Booting an x86 System From AI Media

On an x86 system, choose an automated installation option from the GRUB menu. The GRUB menu selection or boot command that you use specifies whether the installation will use the default manifest on the media or a custom manifest that you have stored on an HTTP server.

Your GRUB menu selections should look similar to the following example:

GNU GRUB version 1.99.5.11.0.175.2.0.0.20.0

Oracle Solaris 11.3 Automated Install custom
Oracle Solaris 11.3 Automated Install
Oracle Solaris 11.3 Automated Install custom ttya
Oracle Solaris 11.3 Automated Install custom ttyb
Oracle Solaris 11.3 Automated Install ttya
Oracle Solaris 11.3 Automated Install ttyb
Boot from Hard Disk

Use the arrow keys to select which entry is highlighted.
Press enter to boot the selected OS, 'e' to edit the
commands before booting, or 'c' for a command-line.

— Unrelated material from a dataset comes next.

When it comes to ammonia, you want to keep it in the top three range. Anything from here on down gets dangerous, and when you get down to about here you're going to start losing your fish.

Using the Default AI Manifest to Boot a x86 System From AI Media

To use the default AI manifest that is in the AI boot image, use the arrow keys to choose one of the following options:

Oracle Solaris 11.3 Automated Install
Oracle Solaris 11.3 Automated Install ttya
Oracle Solaris 11.3 Automated Install ttyb

The ttya option sends the screen output during the installation to serial console ttya (COM1). The ttyb option sends the screen output during the installation to serial console ttyb (COM2).

The automated installation proceeds, using the specifications in the default manifest.

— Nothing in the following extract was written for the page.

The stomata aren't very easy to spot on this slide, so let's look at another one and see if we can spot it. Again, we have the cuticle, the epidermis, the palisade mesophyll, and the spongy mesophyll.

Using a Custom AI Manifest to Boot a x86 System From AI Media

To use a custom AI manifest, choose one of the following options:

Oracle Solaris 11.3 Automated Install custom
Oracle Solaris 11.3 Automated Install custom ttya
Oracle Solaris 11.3 Automated Install custom ttyb

When you select one of these custom options, the following prompt displays:

Enter the AI manifest location [URL, /filepath, 'default']:

Type the URL to your custom manifest. For example, type http://example.com/custom.xml.

The automated installation proceeds, using the specifications in the custom manifest.

Booting an x86 Image Without Installing

You might want to boot from media but not install, for example, to troubleshoot or to examine a system.

For the GRUB2 entry that you use, if install=true is specified in the line that starts with $multiboot, the installation automatically begins. If you want to boot the x86 system without immediately starting an automated installation, if install=true is specified in the kernel line for the GRUB2 entry that you plan to use, edit the line to remove install=true. When you choose that option, the system boots and a login screen displays but the installation does not begin.